TIMELINE: SCHOOL CLOSURES
April 2009: Superintendent Bobbie Gutierrez announces Santa Fe Public Schools is facing a $4.5 million budget shortfall due to dwindling state revenues and proposes closing Larragoite and Alvord elementary schools and Alameda Middle School, just southwest of the downtown area.
March 2010: The school board considers combining students at Larragoite, Alvord and nearby Kaune elementary schools at a new K-8 at the Alameda site, among other options.
May 2010: The consolidation is approved, and Alameda Middle School closes for good. The board proposes consolidating the eastside Acequia Madre and Atalaya
Elementary schools — a plan that meets fierce opposition.
August 2010: Aspen Community Magnet School opens at the old Alameda site with students from the three shuttered elementary schools. The brand-new Amy Biehl Community School at Rancho Viejo on the city’s south side opens as a K-6 facility to serve a growing population of kids in the area.
December 2010: More cost-cutting proposals in response to a shortfall of up to $13 million call for closing Acequia Madre.
January 2011: The board takes Acequia Madre off the chopping block. February 2011: Newly elected board members who had opposed plans to close Acequia Madre criticize a plan by the current board to extend Gutierrez’s contract before they take office March 1. But the
contract is approved until June 2013.
February 2012: The board ends Gutierrez’s contract early with a $168,000 payout.
August 2014: The new K-8 El Camino Real Academy opens off N.M. 599 to replace the old Agua Fría Elementary School, and the K-8 Nina Otero Community School opens on the city’s south side. Both are intended to help ease overcrowding in the area.
January 2016: The school board and Superintendent Joel Boyd, who stepped into the job in August 2012, propose consolidating Capshaw and De Vargas middle schools, both in the midtown area. The plan generates an uproar.
April 2017: The school board and Superintendent Veronica García, who started the job in August 2016, announce a plan to consolidate E.J. Martinez and Nava
elementary schools to address another budget shortfall. The plan eventually is abandoned.

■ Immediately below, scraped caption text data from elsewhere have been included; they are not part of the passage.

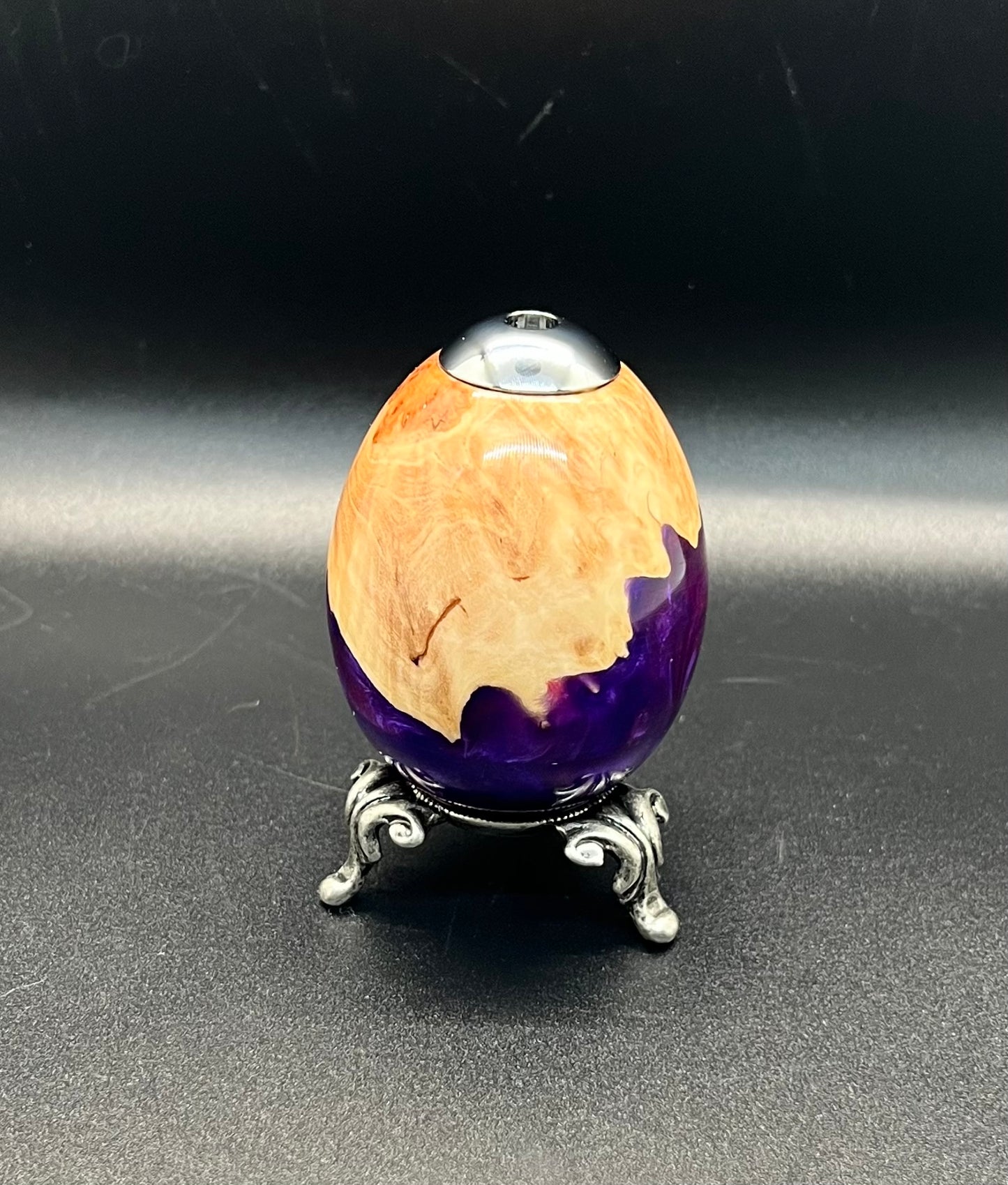 Kaleidoscope Egg - Malle Burl-Purple Resin- pewter stand.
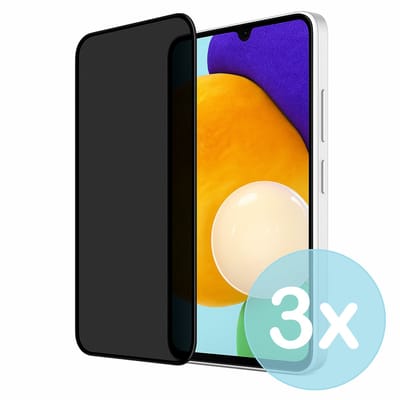 Privacy Screenprotector Geschikt voor Samsung Galaxy A52 5G – Anti-Gluren – Krasbestendig Gehard Glas 9H – Volledige Dekking – 3-Pack – FuturiQ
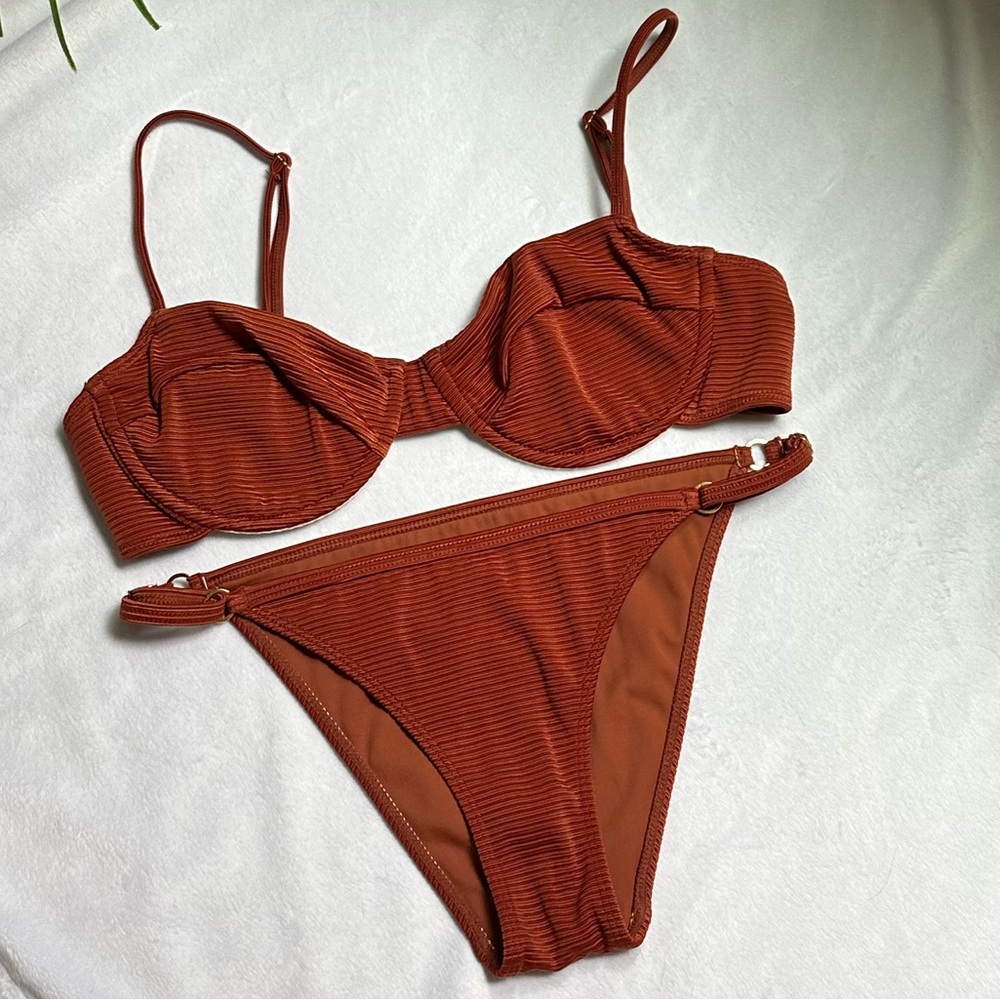 LA Hearts - burnt orange ribbed bikini set ❤️‍🔥💦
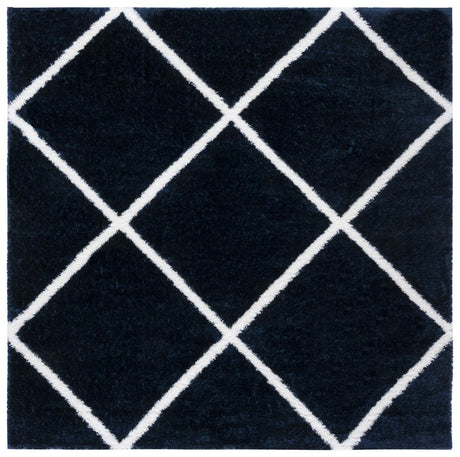 Safavieh Tahoe Shag 6'-7" x 6'-7" Rug in Navy / White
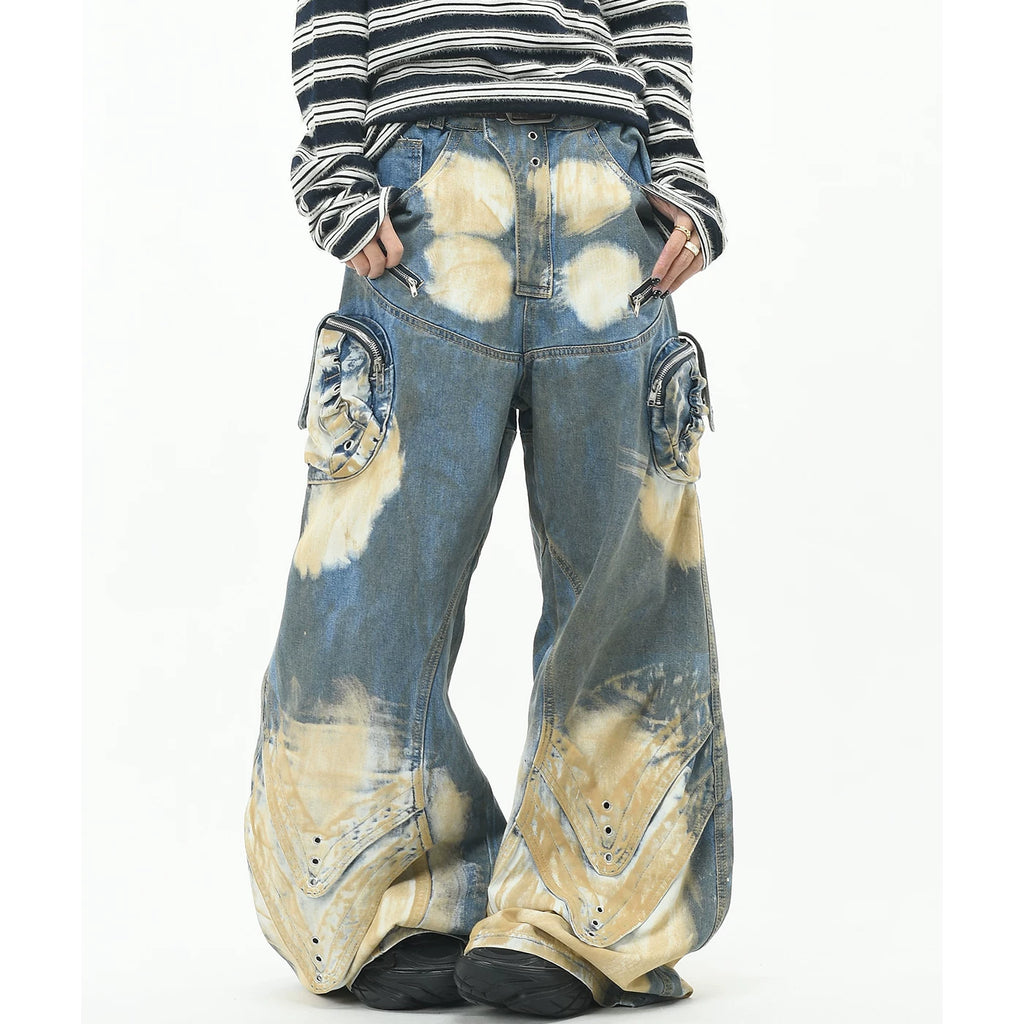 OV original street style heavyweight vintage dirty dye curved knife jeans for men and women loose wide leg deconstruction floor length pants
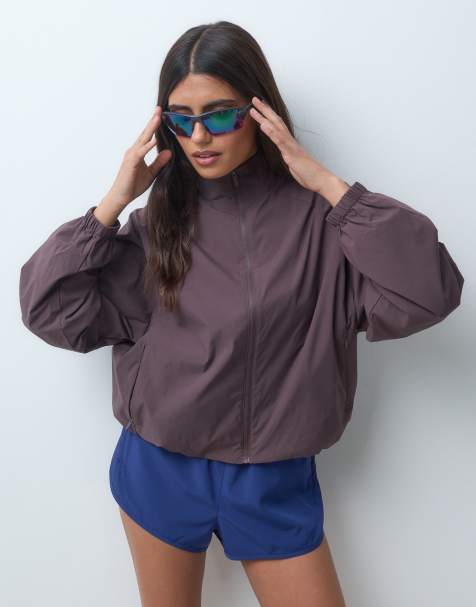 ASOS 4505 kurtka do biegania z bufowanym dołem i kołnierzem typu golf w kolorze taupe brown - view 1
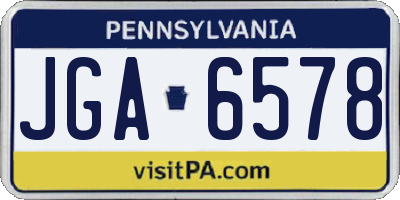 PA license plate JGA6578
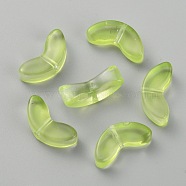 Transparent Handmade Lampwork Beads, Leaf, Green Yellow, 6.5x14x5mm, Hole: 1mm(LAMP-CJC0012-01H)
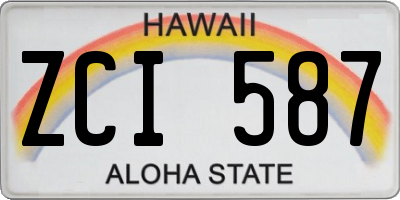 HI license plate ZCI587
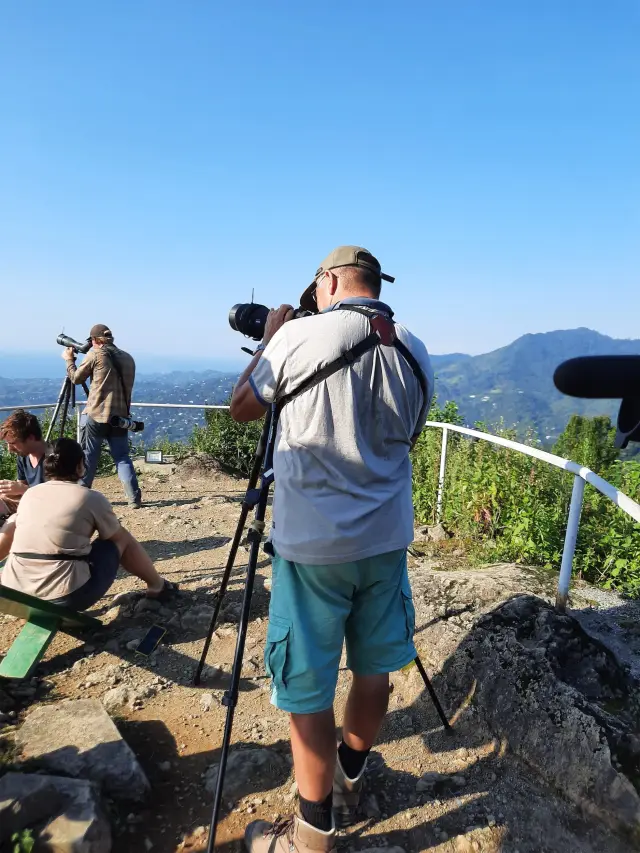 Behind-the-scenes photo from the 2021 Batumi Raptor Count autumn season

August 2017: The new Milagro Middle School opens on the Capshaw campus after a phased-in consolidation of Capshaw and De Vargas. August 2019: Milagro moves into a brand-new campus constructed on the site of the old De Vargas school.
September 2019: Board member Maureen Cashmon and NEA-Santa Fe President Grace Meyer, with support from Lorraine Price, push a plan to close E.J., Nava and Acequia Madre elementary schools to address declining enrollment, aging facilities and equity issues.
November 2019: The school closure plan, which faced sharp criticism, is rejected by the board.